Assignment |
In your reply, repeat every entry exactly and skip over each picture.
.....
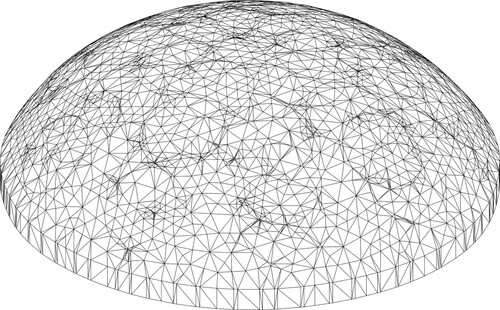 Figure 7. Typical phantom-specific finite element mesh generated from the geometry captured by the scanner. (40 K nodes and 25 K elements.)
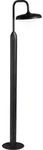Paulmann LED Pollerleuchte Nostro seewasserresistent - Grau/Schwarz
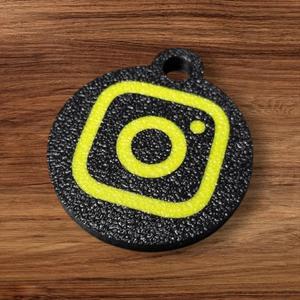 Instagram NFC Keychain   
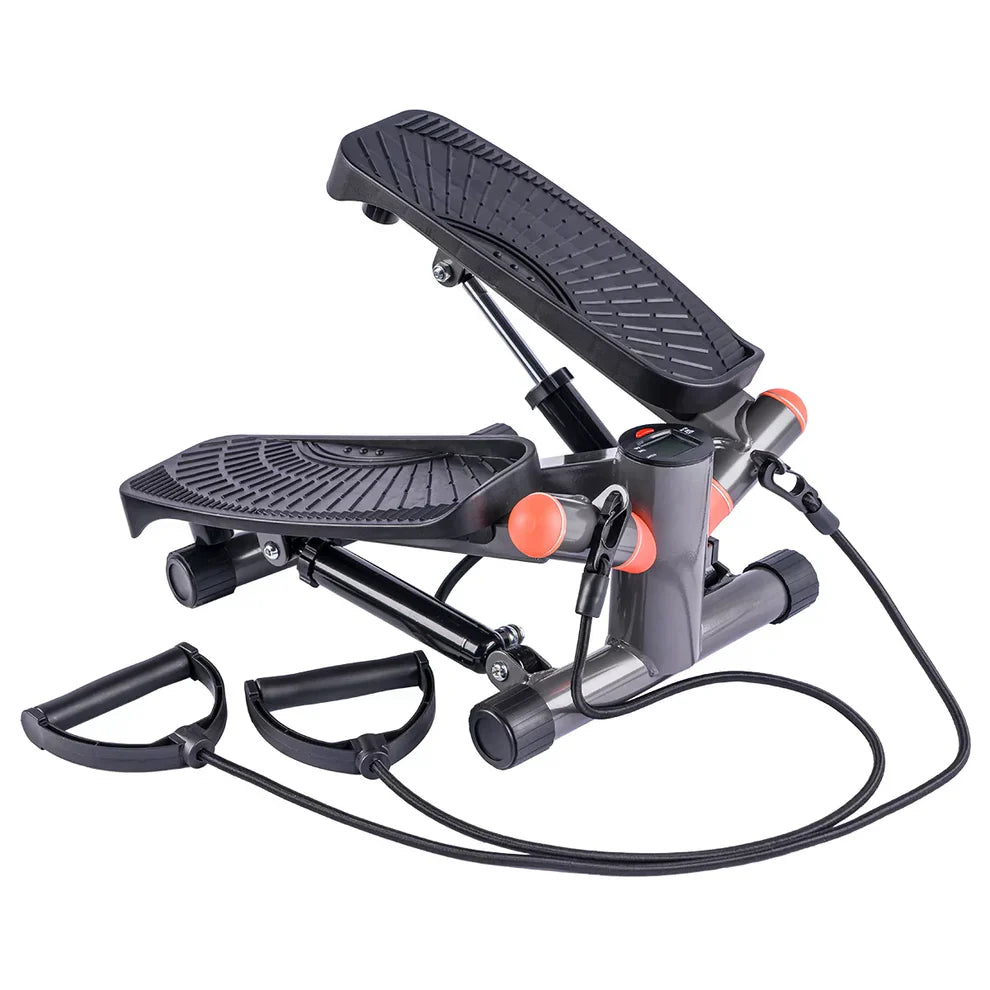Stepura™ Stair Stepper Machine with Resistance Bands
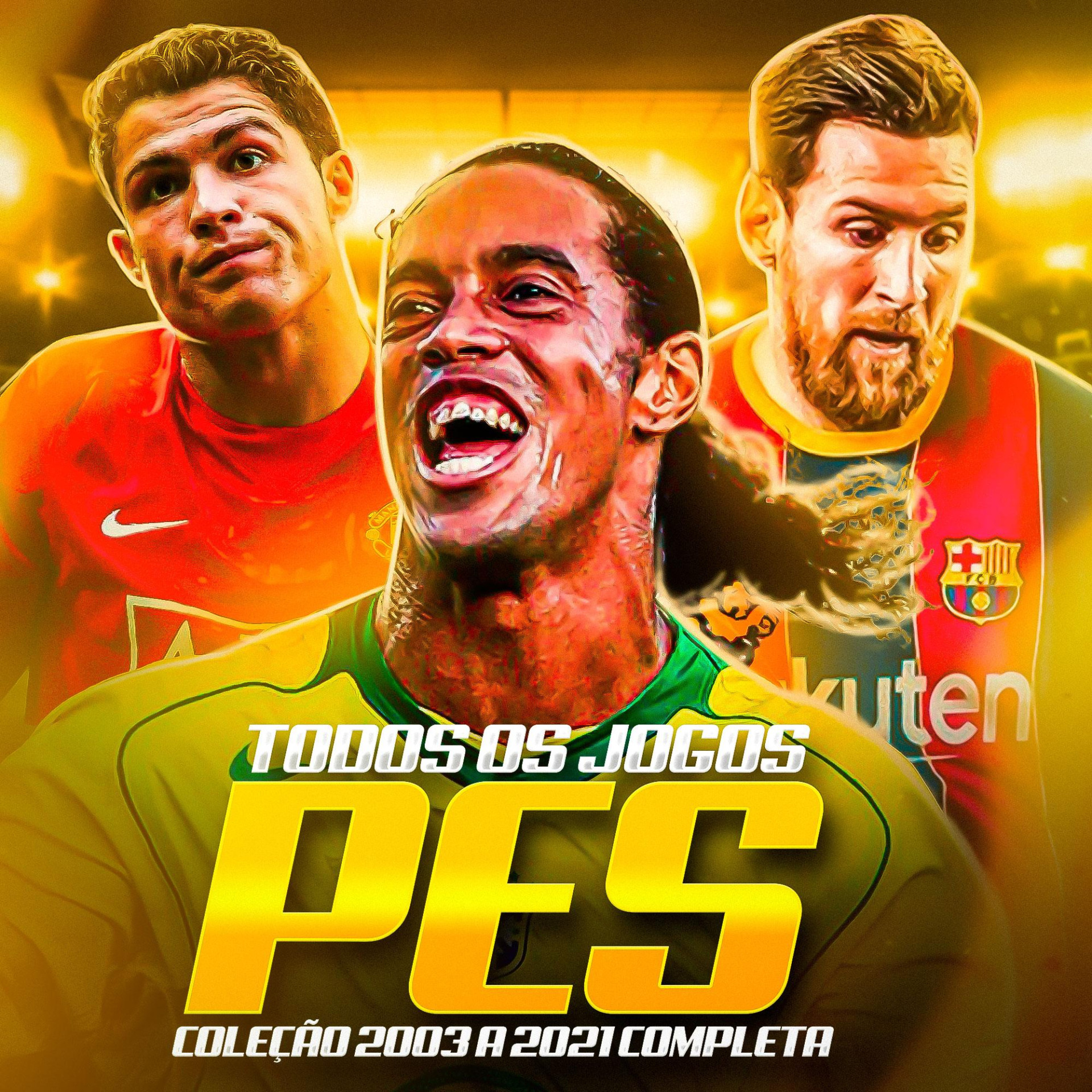 COLEÇÃO PES DO 2003 AO 2021 - PARA PC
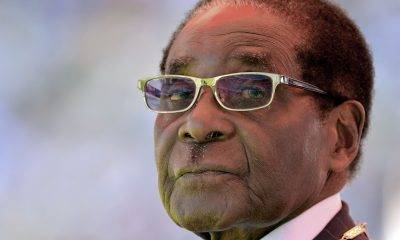 Zimbabwean President Robert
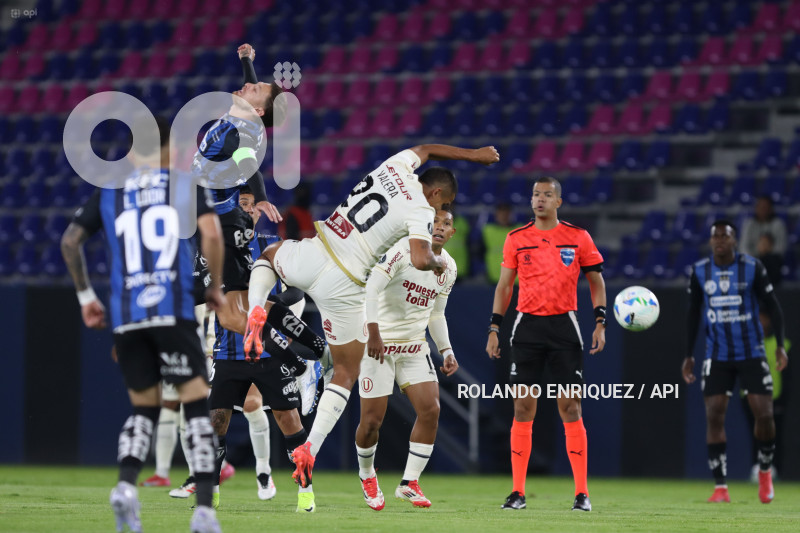 FBL LIBERTADORES INDEPENDIENTE VALLE VS UNIVERSITARIO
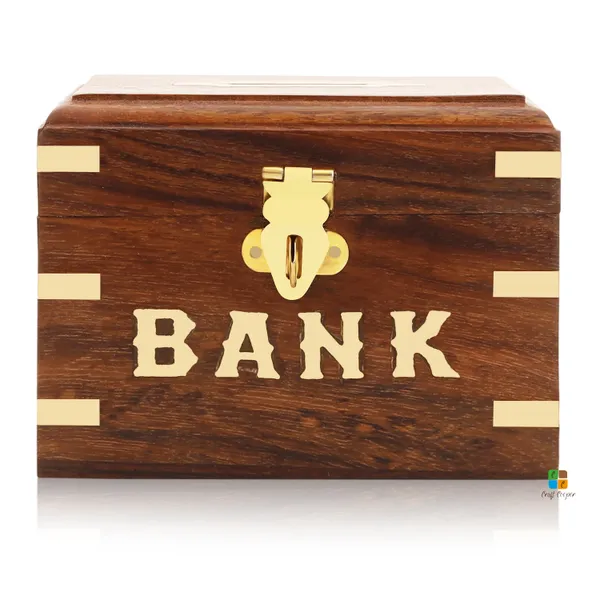 Handmade_Wood_&_Brass_Wooden_Piggy_Money_Bank_|_Gift_Items_For_Kids
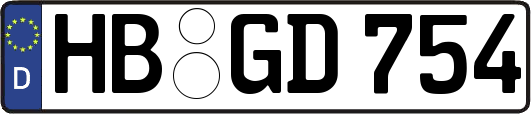 HB-GD754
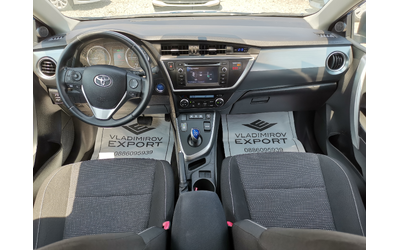 Toyota Auris 1.8 Hybrid E5B - автомобили, коли, обяви за нови и употребявани 8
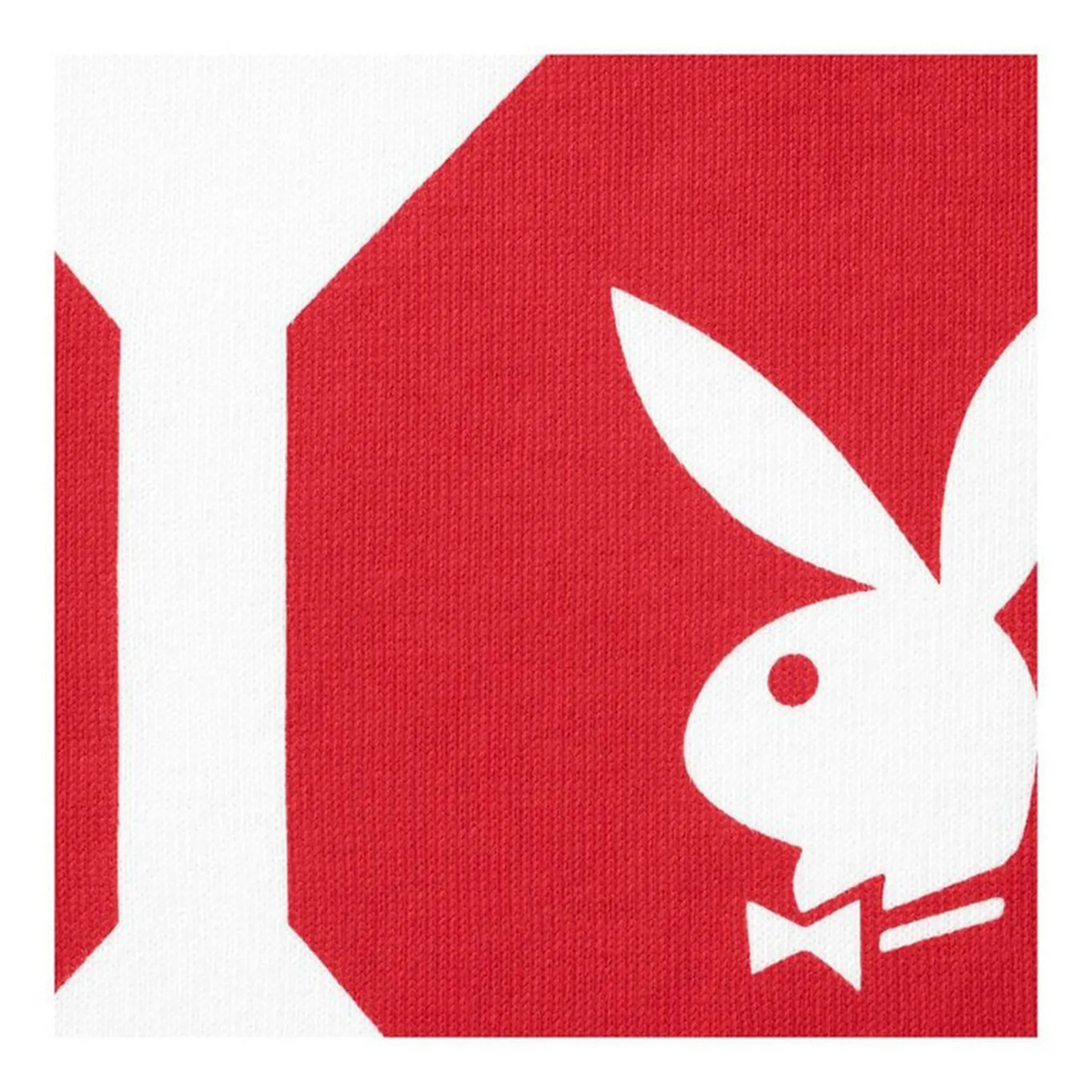 Supreme x Playboy L/S White Football Top (SS26) |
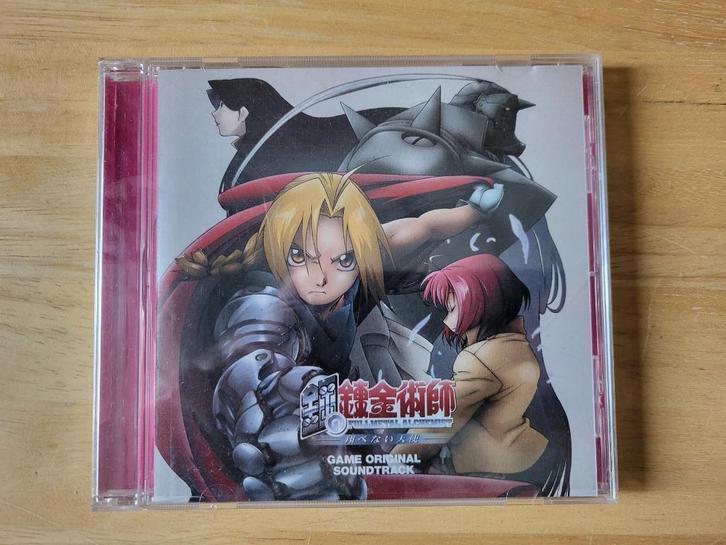 CD Fullmetal Alchemist Tobenai Tenshi OST Soundtrack, Cd's en Dvd's, Cd's | Filmmuziek en Soundtracks, Zo goed als nieuw, Ophalen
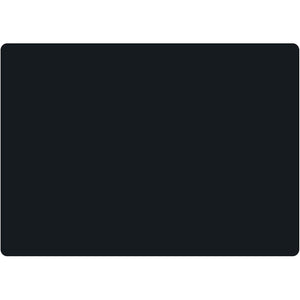 wellhouse Large Silicone Countertop Protector Silicone Baking Mat Multipurpose Mat Silicone Placemat Black Nonskid Heat Resistant Desk Saver Pad Silicone Microwave Mats(23.6by15.7 Inch, Black-1)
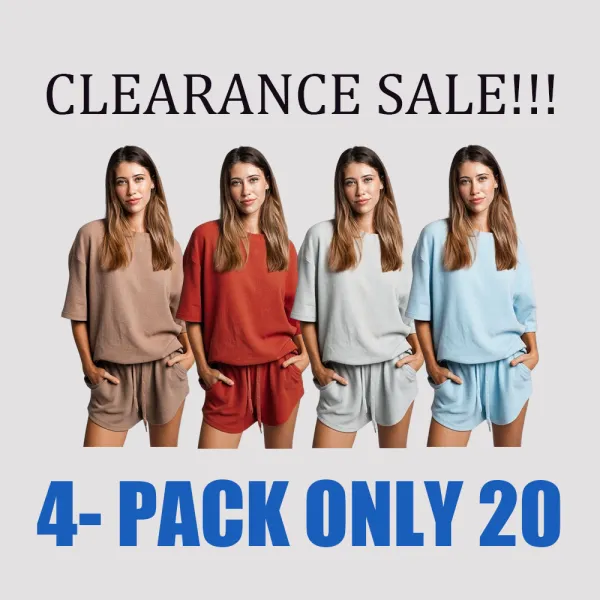 Women's Waffle Knit Lounge Shorts – Soft High Waist Casual Sleep Shorts with Drawstring for Home & Daily Wear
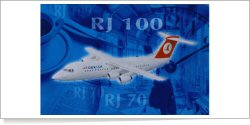 THY Turkish Airlines BAe -British Aerospace Avro RJ100 G-6-236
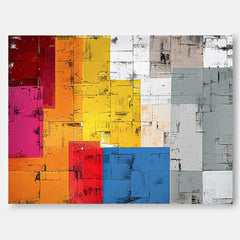 Abstract Canvas Art #AB489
.....
Result |
 Figure 7. Typical phantom-specific finite element mesh generated from the geometry captured by the scanner. (40 K nodes and 25 K elements.)
Paulmann LED Pollerleuchte Nostro seewasserresistent - Grau/Schwarz
 Instagram NFC Keychain   
Stepura™ Stair Stepper Machine with Resistance Bands
 COLEÇÃO PES DO 2003 AO 2021 - PARA PC
 Zimbabwean President Robert
 FBL LIBERTADORES INDEPENDIENTE VALLE VS UNIVERSITARIO
 Handmade_Wood_&_Brass_Wooden_Piggy_Money_Bank_|_Gift_Items_For_Kids
 HB-GD754
 Toyota Auris 1.8 Hybrid E5B - автомобили, коли, обяви за нови и употребявани 8
 Supreme x Playboy L/S White Football Top (SS26) |
 CD Fullmetal Alchemist Tobenai Tenshi OST Soundtrack, Cd's en Dvd's, Cd's | Filmmuziek en Soundtracks, Zo goed als nieuw, Ophalen
 wellhouse Large Silicone Countertop Protector Silicone Baking Mat Multipurpose Mat Silicone Placemat Black Nonskid Heat Resistant Desk Saver Pad Silicone Microwave Mats(23.6by15.7 Inch, Black-1)
 Women's Waffle Knit Lounge Shorts – Soft High Waist Casual Sleep Shorts with Drawstring for Home & Daily Wear
 THY Turkish Airlines BAe -British Aerospace Avro RJ100 G-6-236
 Abstract Canvas Art #AB489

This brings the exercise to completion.